My advice would be as follows:-
- Are you aiming for/have you got a first at undergrad? I think for most master's degrees Oxford wants a first or at least a "strong upper second". Obviously a first is better.
- This is unlikely to be a strict numbers game, e.g. 'we don't consider anyone whose average marks was under 75' etc. As you can imagine, the assessors will look at your application in the round. So, while good grades are obviously important, I am not sure it's helpful to try and work out how they are used. I doubt that any rigid and systematic sifting process exists beyond what the course webpages say about the required grades for whatever degree course you're looking at.
- If you want to get funding you need to ensure your application shines in every possible way. (1) Did you get any awards or commendations, e.g. dean's list? Mention them prominently. (2) Have prestigious referees (if possible!) (3) Have a sexy research proposal - something that screams 'you will want to fund this because it's relevant, original and timely'. (4) Mention any side skills, aptitudes or aspects of your background which make you particularly apt to undertake the research you propose.

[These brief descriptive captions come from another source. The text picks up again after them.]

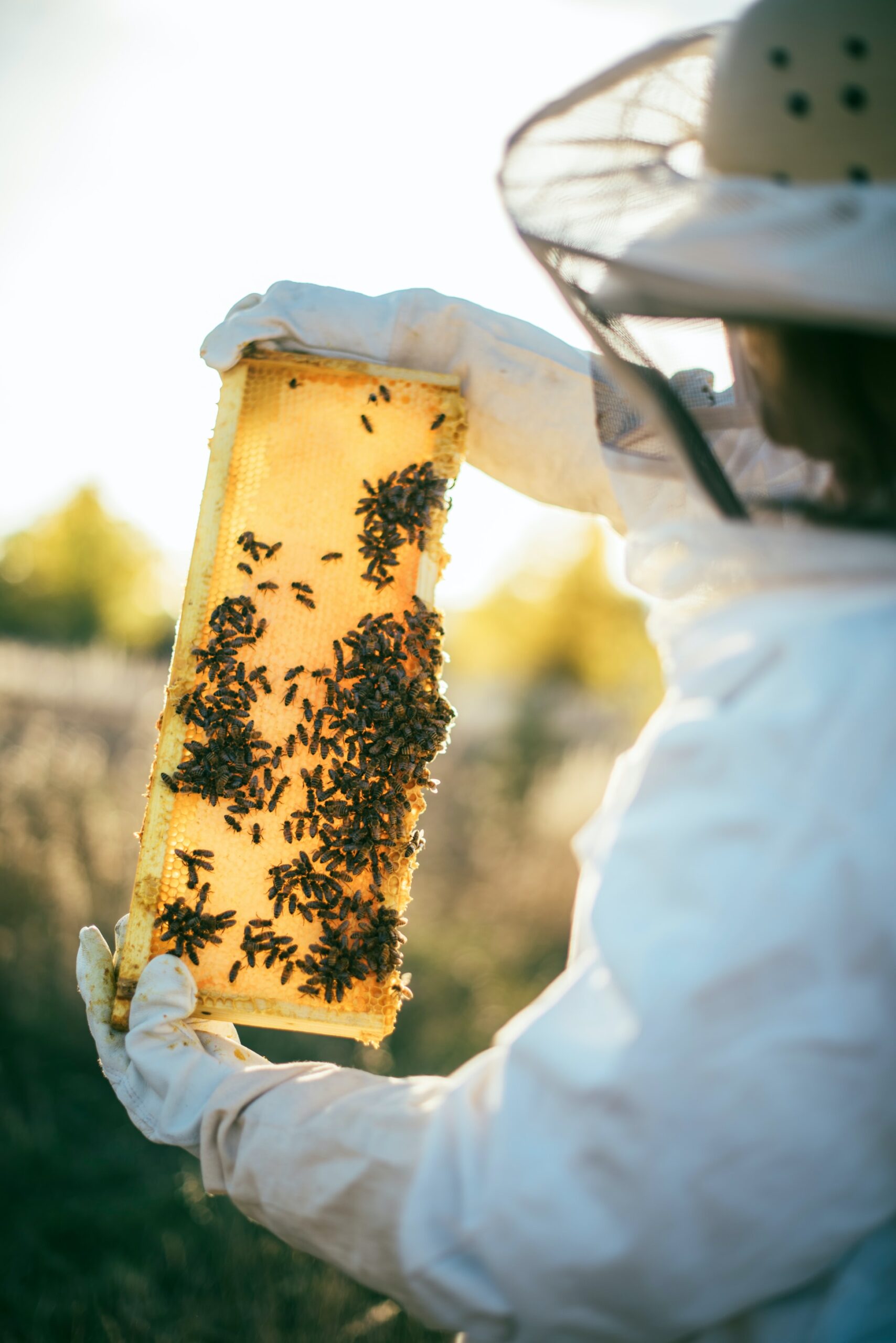 Bee and honeycomb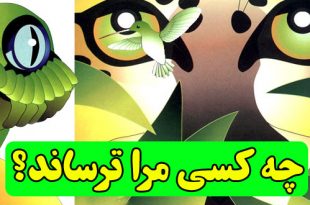 داستان کودکانه: چه کسی مرا ترساند؟ || در جستجوی شگفتی‌ها باش! 2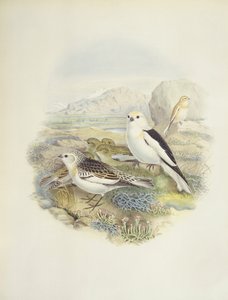 Escribano nival (Plectrophenax nivalis), ilustración de John Gould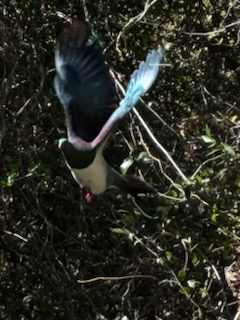 img_20260911_173938.jpg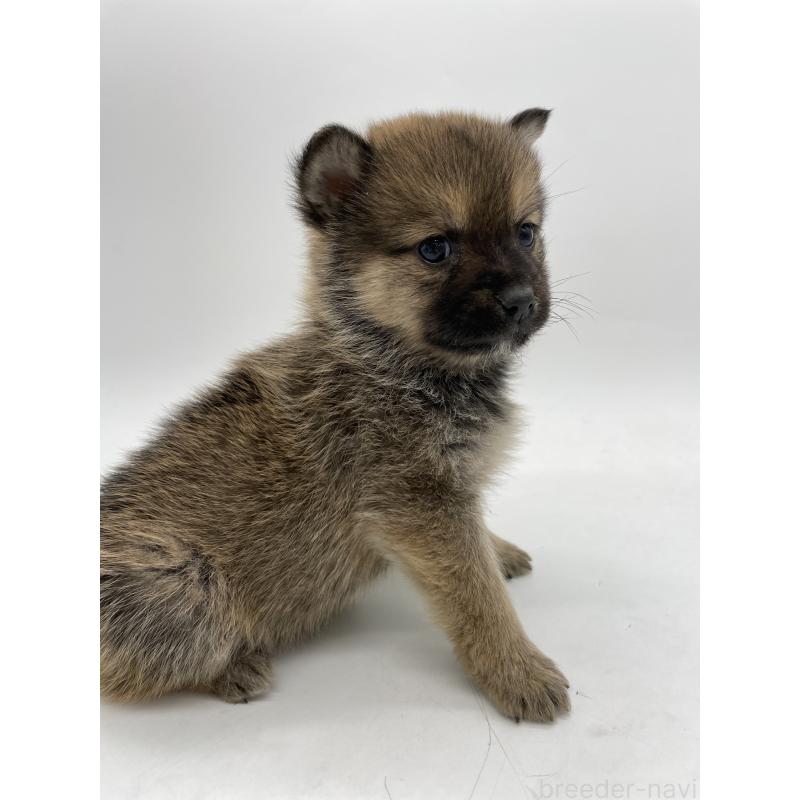 販売中の千葉県のミックス犬-433013の4枚目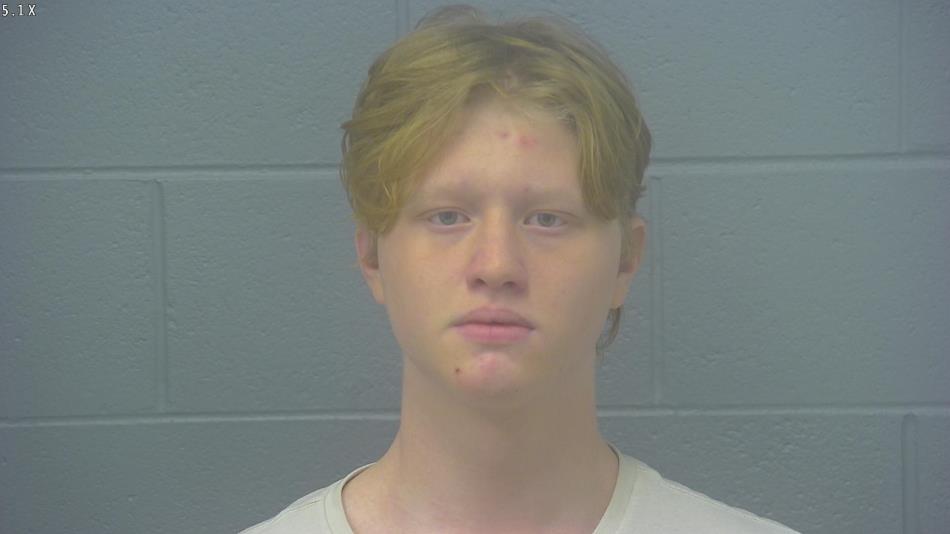 Arrest photo of BRAYTON LOUTHAN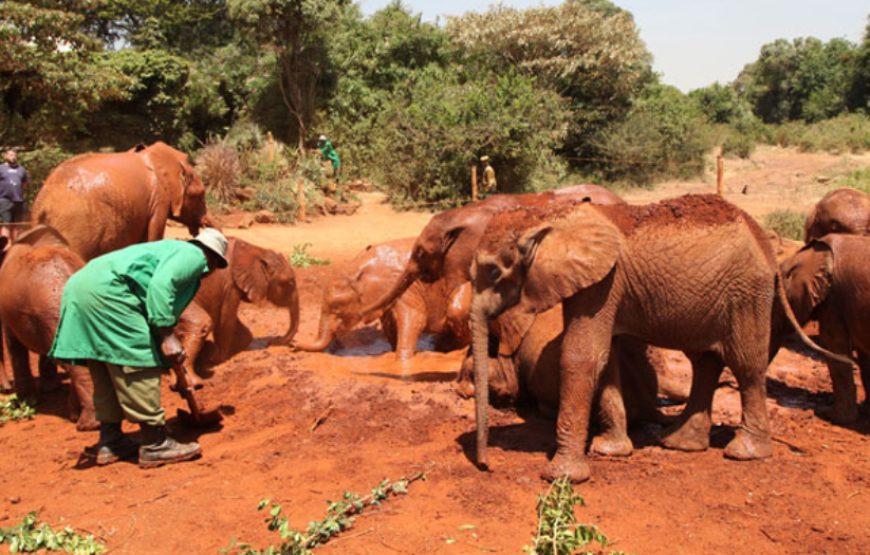 Half day Daphne Sheldrick elephant orphanage + giraffe center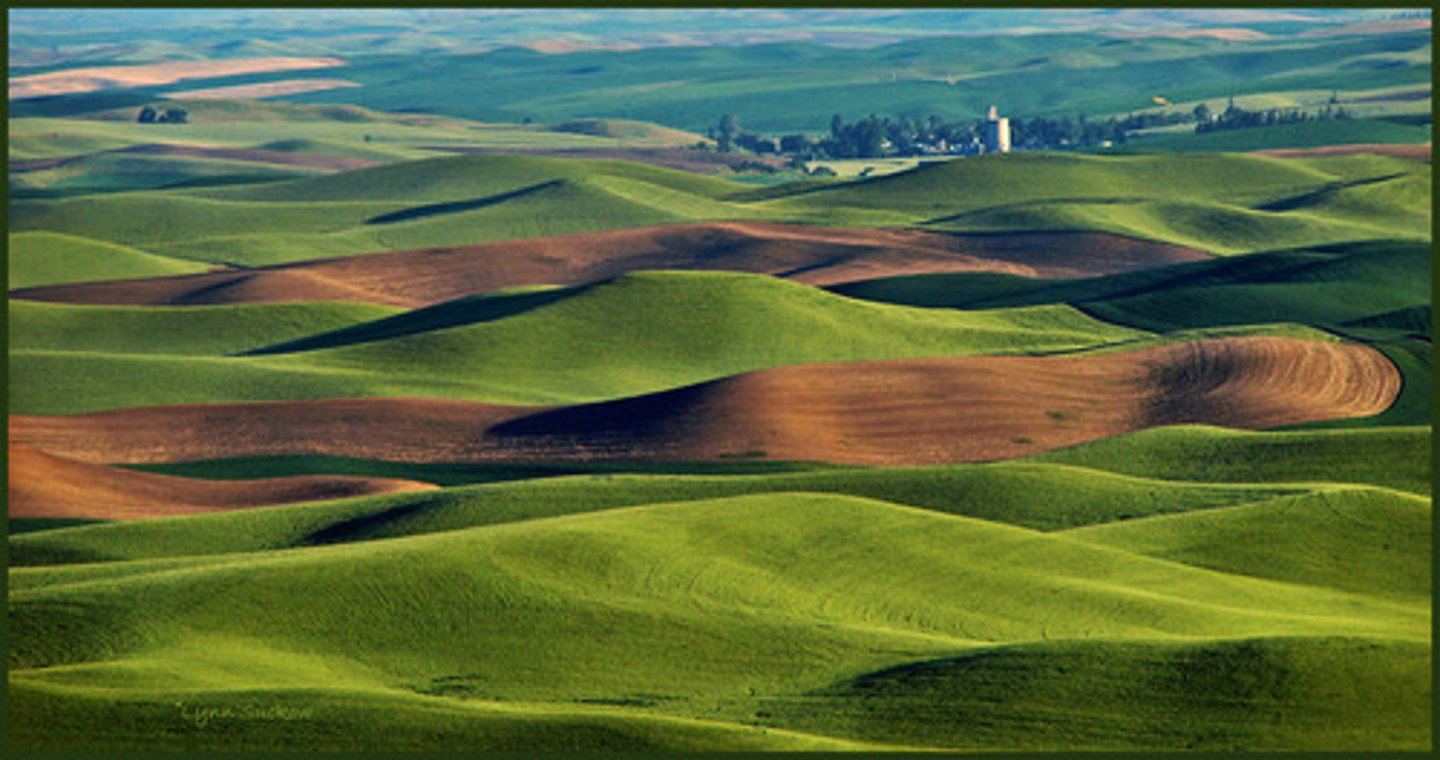 <p>hills</p>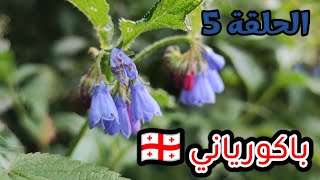 جورجيا ?? باكورياني + نصائح وملاحظات ، الحلقة 5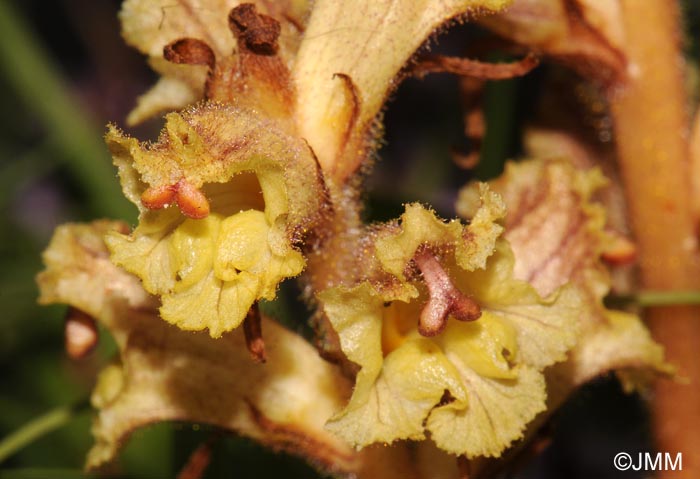 Orobanche reticulata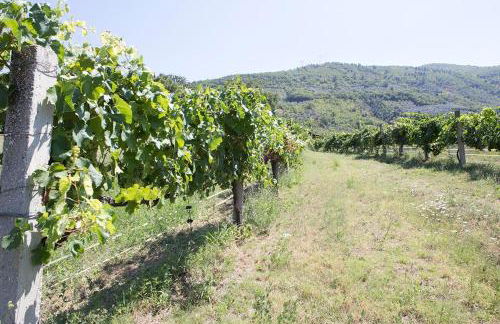 Agriturismo I Melograni - Foto 19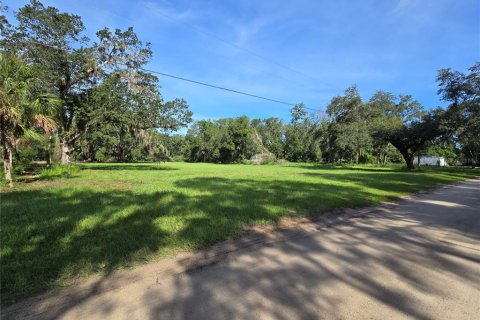 Terreno en venta en Umatilla, Florida № 1915180 - foto 9
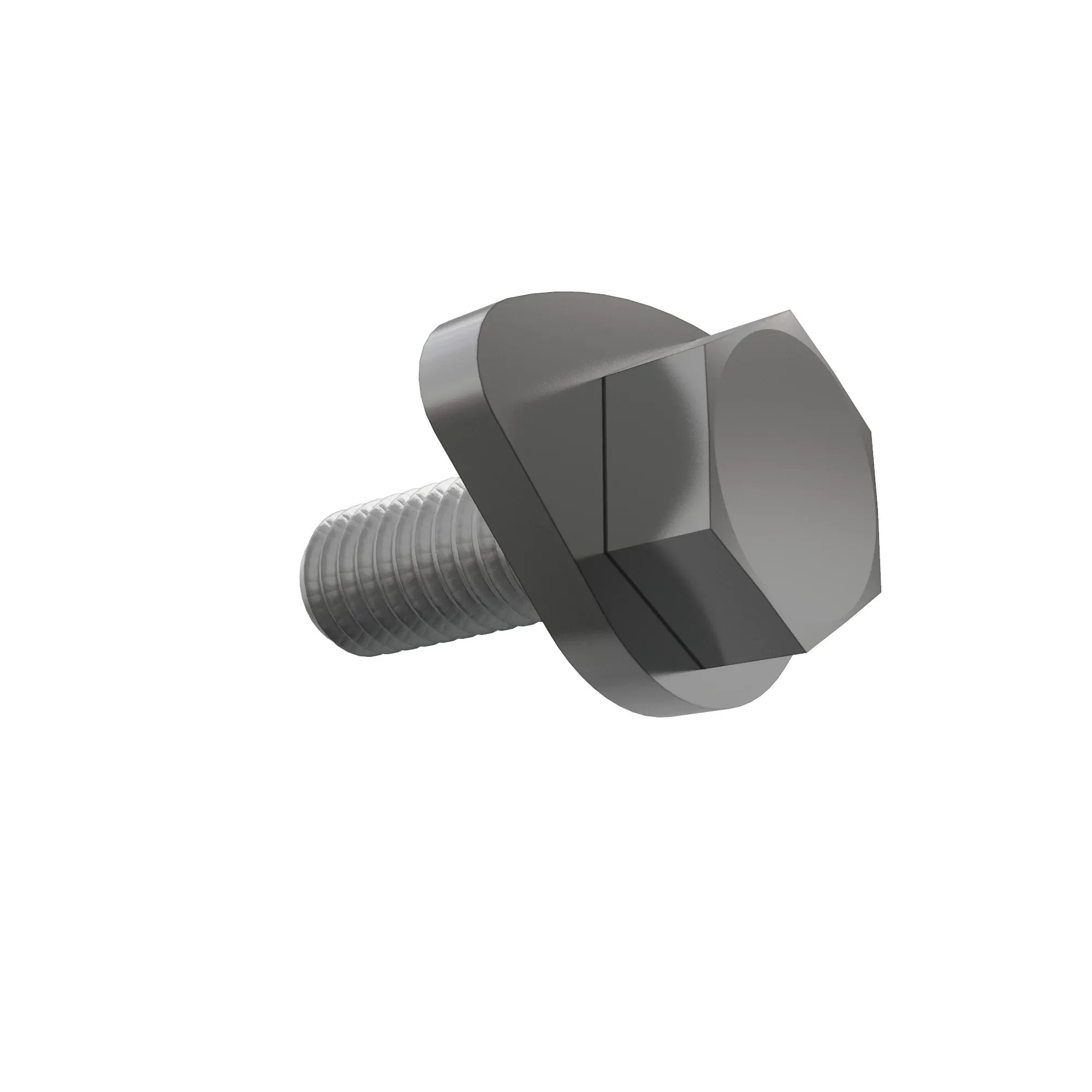 SCREW WITH WASHER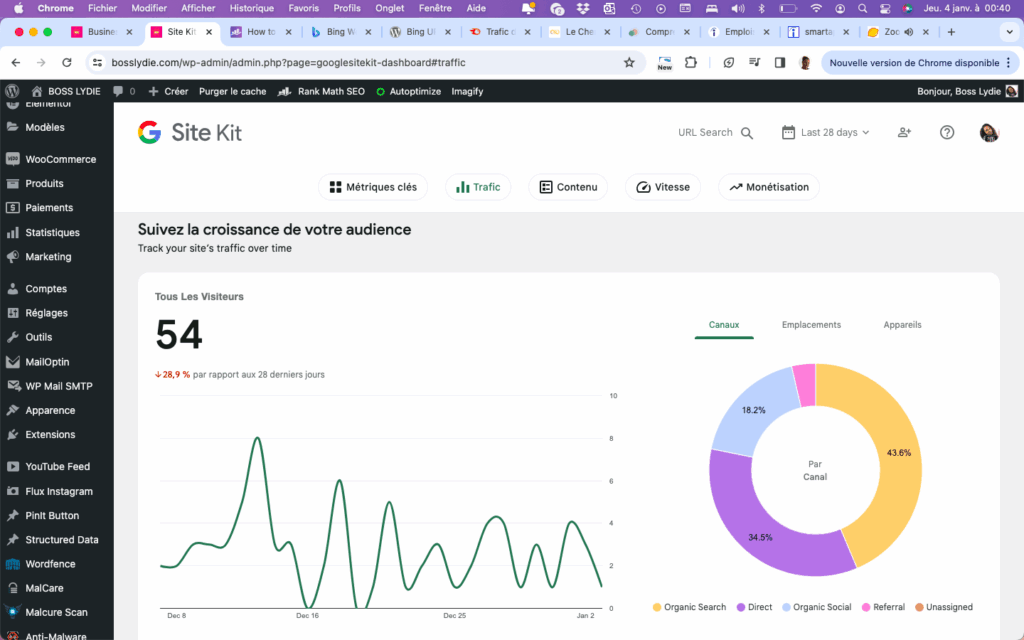 Built in Public N° 1 <br>Relancer son Business après une Pause 4 Built in Public Site Kit Metrics Janv 2024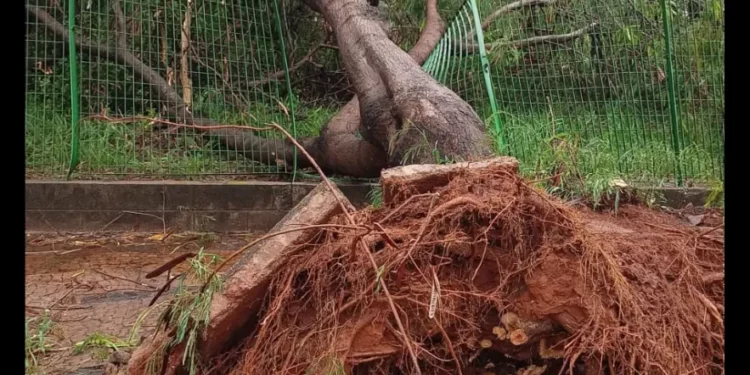 Chuva forte provoca pontos de alagamento e derruba árvores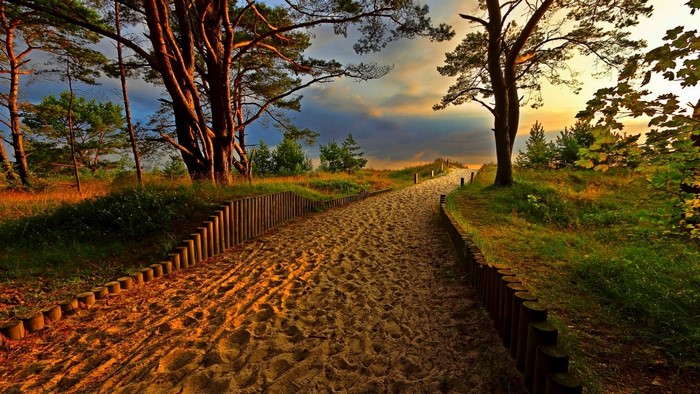 Sandy path through trees at sunset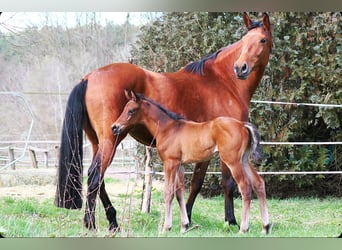 Trakehner, Stallion, Foal (03/2024), 16,2 hh, Brown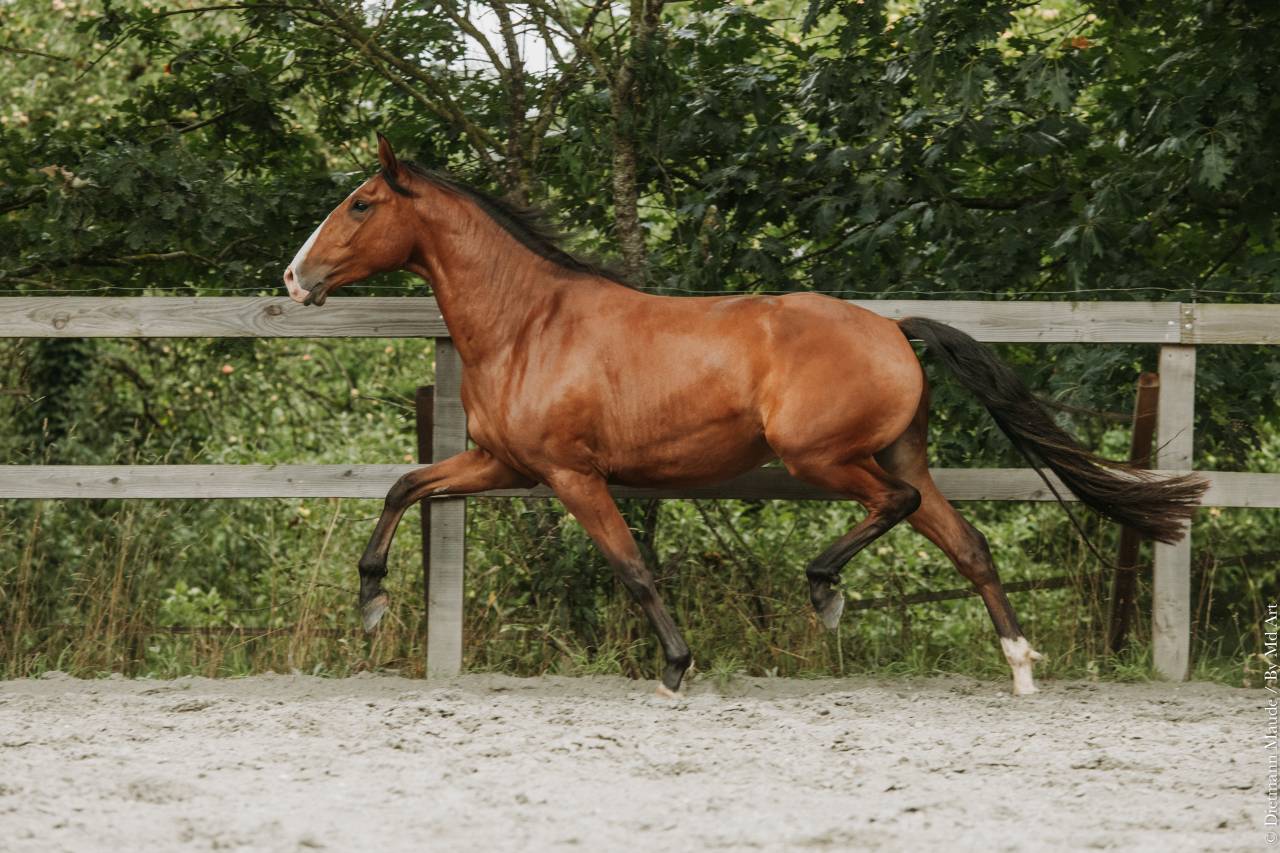 Ruin Lusitano Te koop 2022 Donker bruin / bai ,  JASMIN PLUS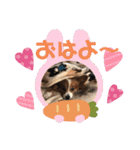 可愛い常務くん2（個別スタンプ：7）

- If you want to clarify how much funding is available at the faculty you would be applying to, then ask a relevant person, e.g. whoever is in charge of graduate admissions. Either by email or at an open day. "How many of your master's intake get fully or partly funded by the university or a college?" should do it. (You really should go to a graduate open day at the faculty if you get the chance. And don't be afraid to ask lots of questions about funding. In my experience many people in your position don't have a clue about funding and don't ask about it. Don't be one of those people)
- Don't despair. The good thing about Oxford PG funding (although generally speaking, there's less available for master's degrees than for doctoral degrees) is that, moreso than Cambridge, the university is prepared to mix and match funding from different funding pots in order to ensure people get the amount of funding it seem they deserve. And they can surprise you. I was told about 2 out of 40 people in the faculty master's intake got full funding from the university or a college. Did I think I deserved to be in that 5%? Hell no. I'm nobody's idea of a perfect student. And yet, it happened.
If you want I can ask English faculty peeps for more info. Hope that helps.